Supplied records section start

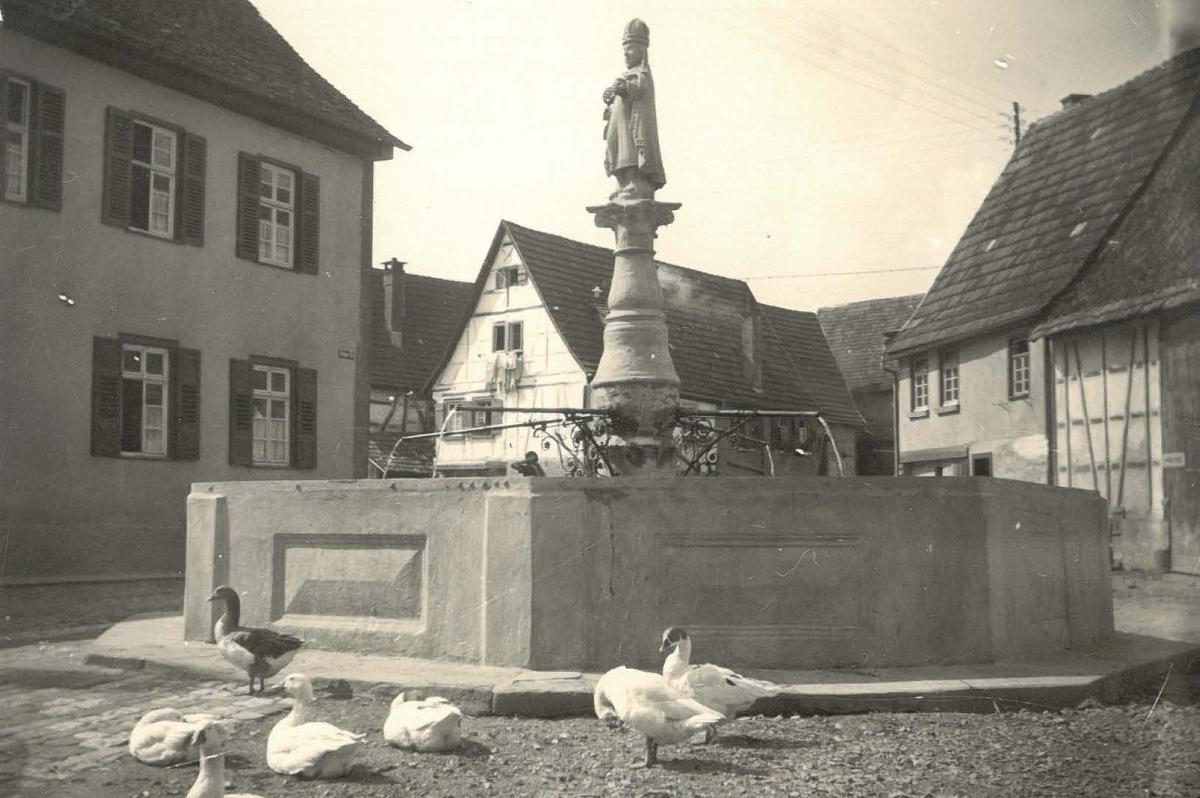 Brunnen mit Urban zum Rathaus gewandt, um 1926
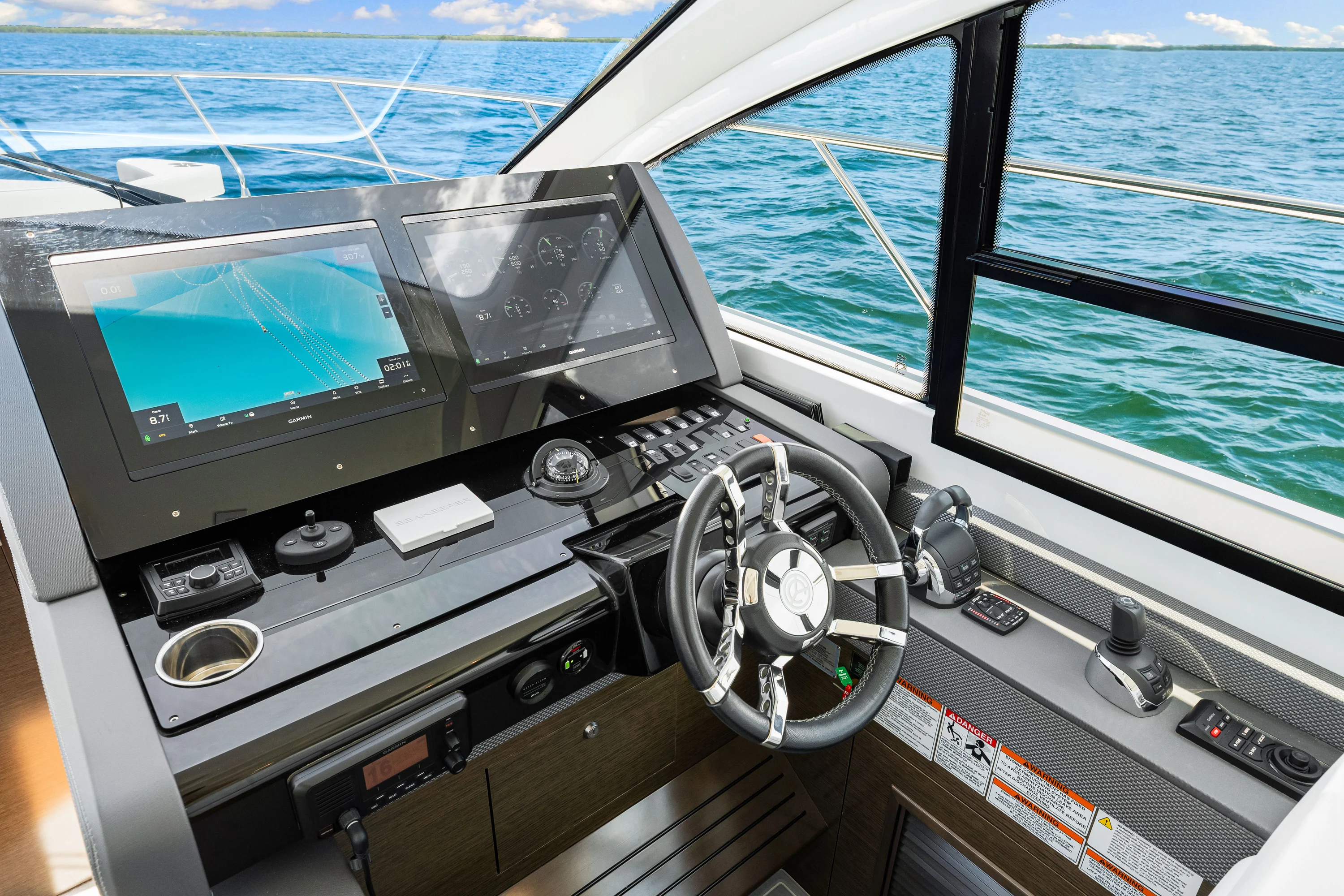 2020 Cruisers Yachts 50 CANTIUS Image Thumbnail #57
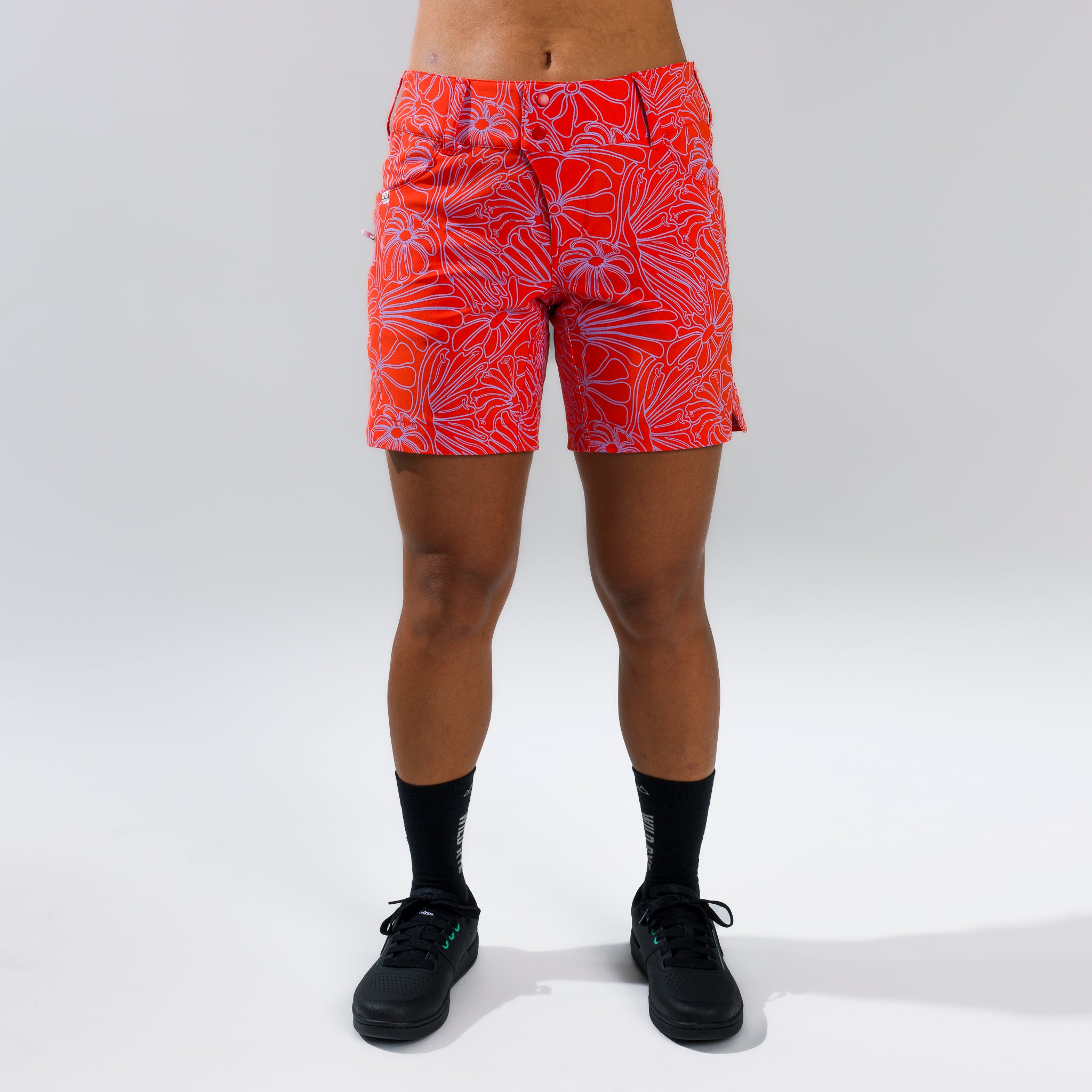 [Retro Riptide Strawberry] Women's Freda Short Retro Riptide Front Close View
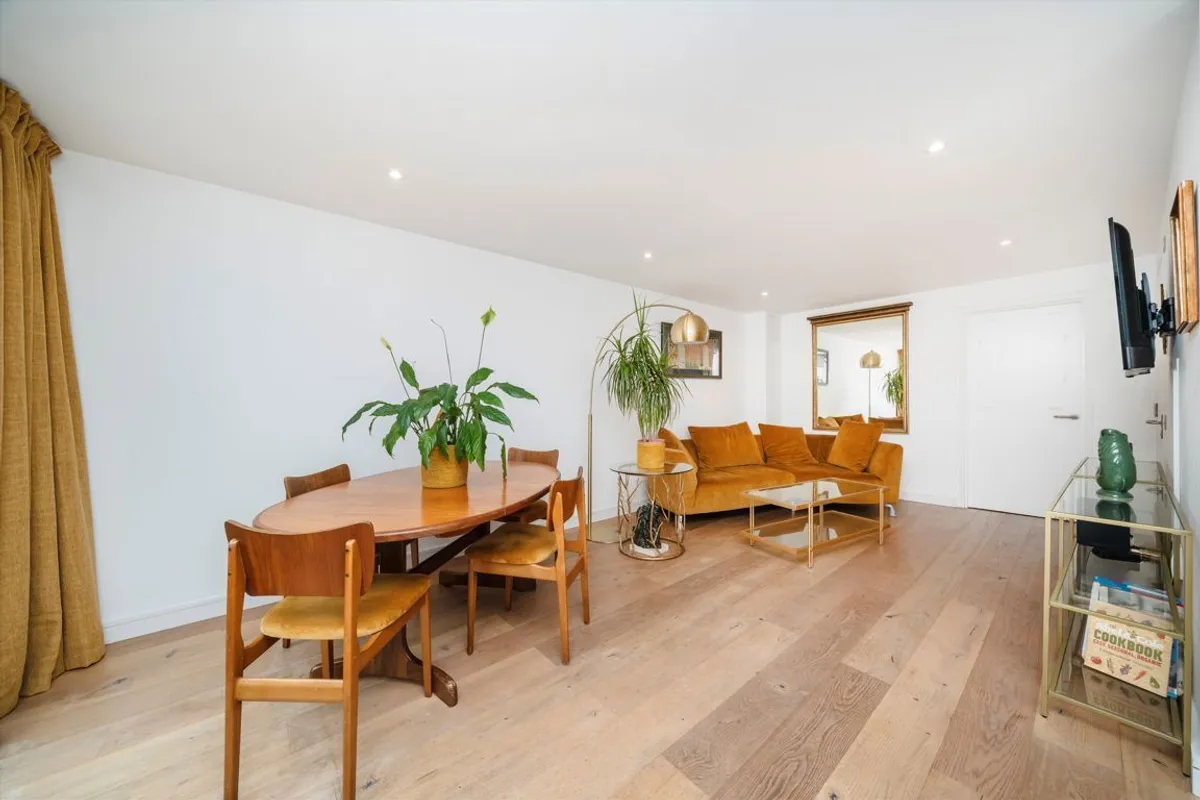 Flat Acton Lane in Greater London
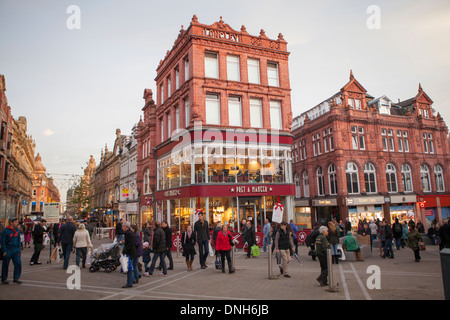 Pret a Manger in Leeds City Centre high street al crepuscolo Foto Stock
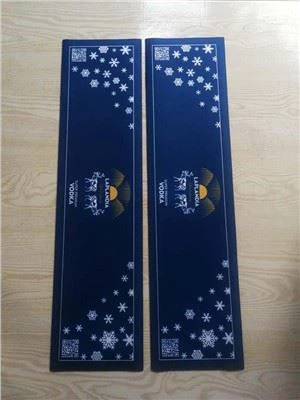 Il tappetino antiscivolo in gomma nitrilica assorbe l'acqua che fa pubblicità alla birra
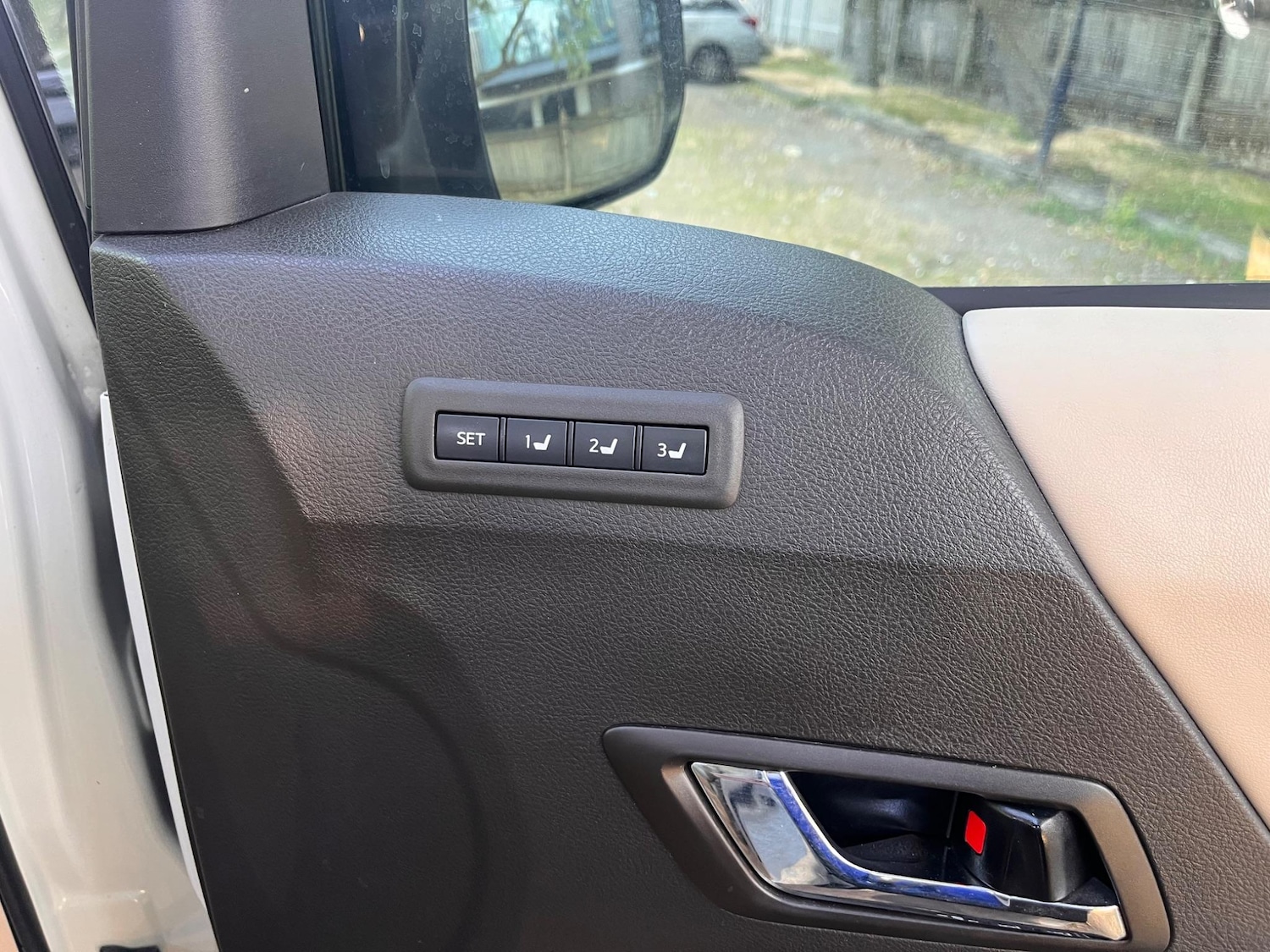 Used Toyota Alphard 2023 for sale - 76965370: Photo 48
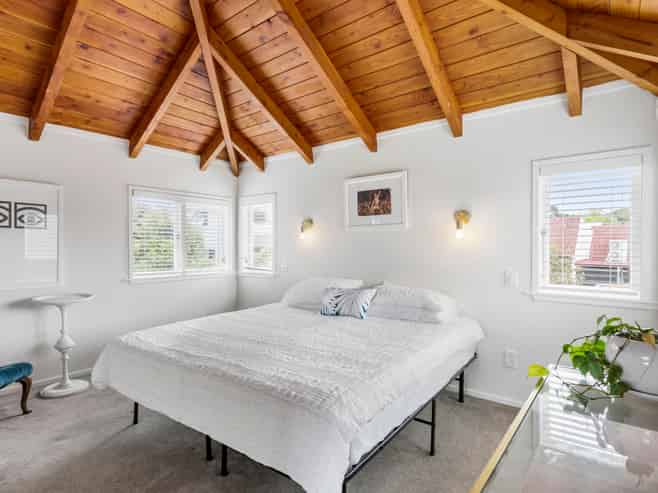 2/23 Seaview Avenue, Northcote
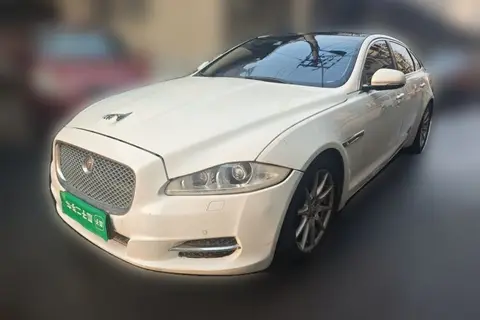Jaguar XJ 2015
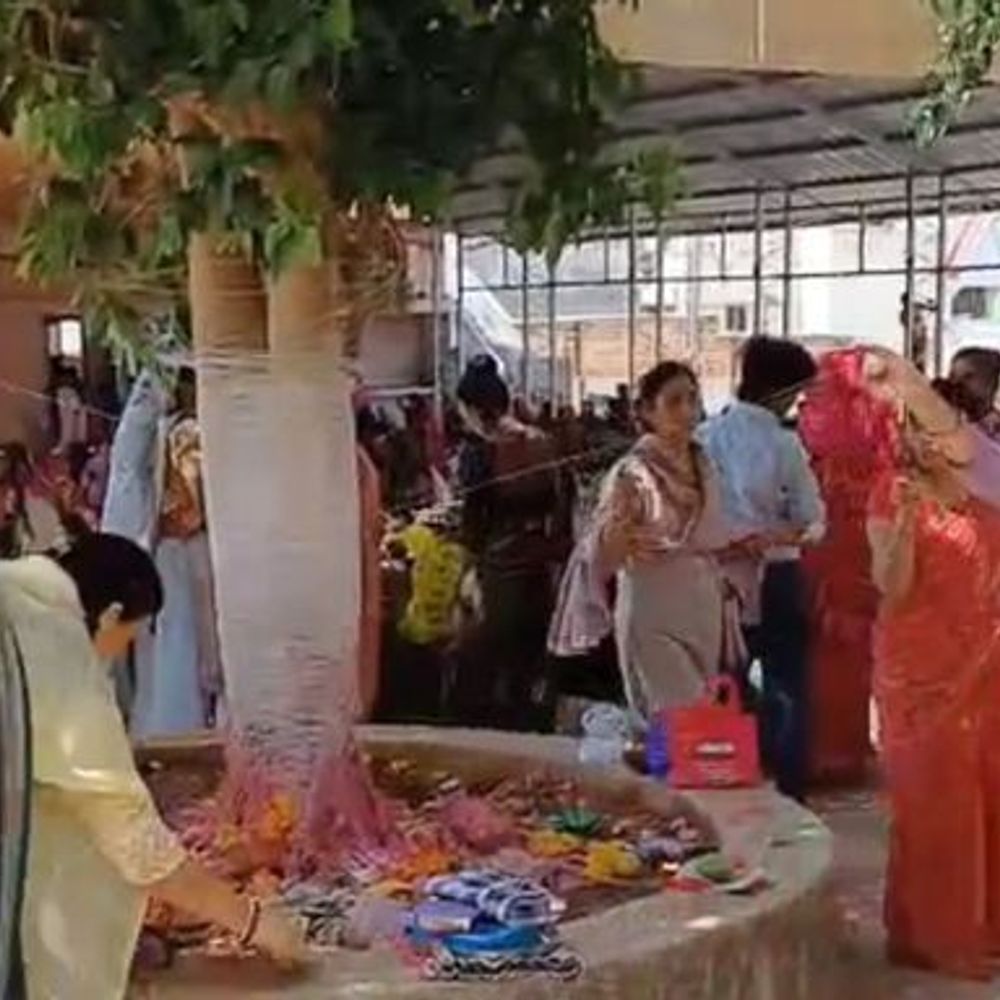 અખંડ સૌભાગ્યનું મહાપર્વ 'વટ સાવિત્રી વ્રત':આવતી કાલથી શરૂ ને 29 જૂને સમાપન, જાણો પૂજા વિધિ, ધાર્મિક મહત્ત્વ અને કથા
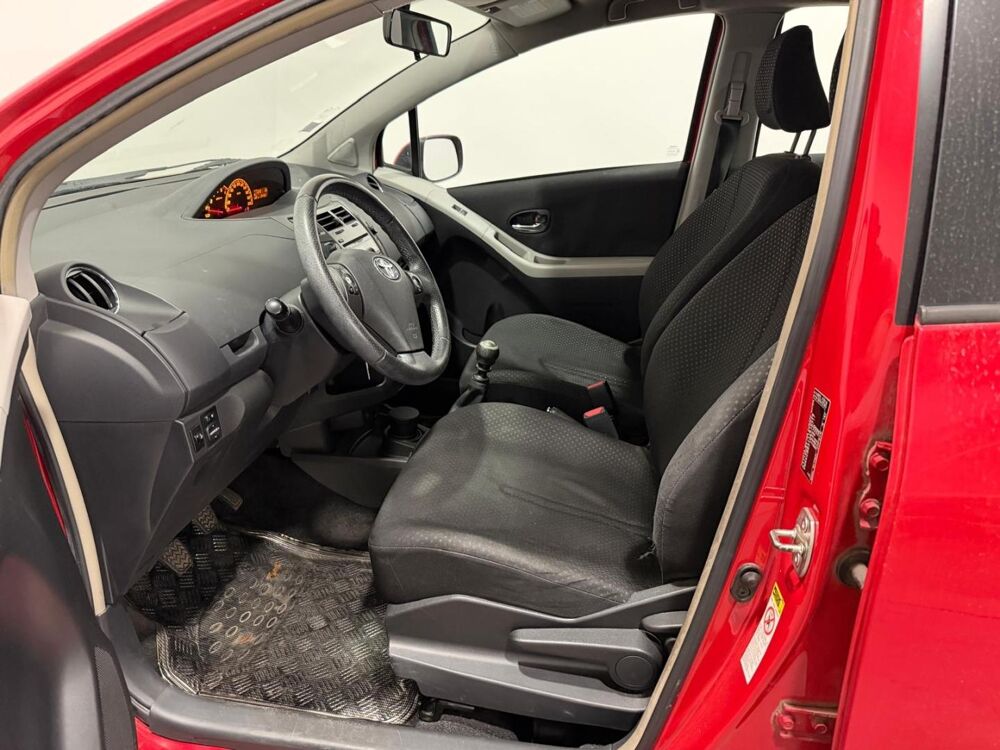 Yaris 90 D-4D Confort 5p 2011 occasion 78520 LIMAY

Supplied records section end

Exercise: These entries are to be printed again word for word, except for the pictures.

Exercise response:
 Brunnen mit Urban zum Rathaus gewandt, um 1926
 2020 Cruisers Yachts 50 CANTIUS Image Thumbnail #57
 [Retro Riptide Strawberry] Women's Freda Short Retro Riptide Front Close View
 Flat Acton Lane in Greater London
 Pret a Manger in Leeds City Centre high street al crepuscolo Foto Stock
 Il tappetino antiscivolo in gomma nitrilica assorbe l'acqua che fa pubblicità alla birra
 Used Toyota Alphard 2023 for sale - 76965370: Photo 48
 2/23 Seaview Avenue, Northcote
Jaguar XJ 2015
 અખંડ સૌભાગ્યનું મહાપર્વ 'વટ સાવિત્રી વ્રત':આવતી કાલથી શરૂ ને 29 જૂને સમાપન, જાણો પૂજા વિધિ, ધાર્મિક મહત્ત્વ અને કથા
 Yaris 90 D-4D Confort 5p 2011 occasion 78520 LIMAY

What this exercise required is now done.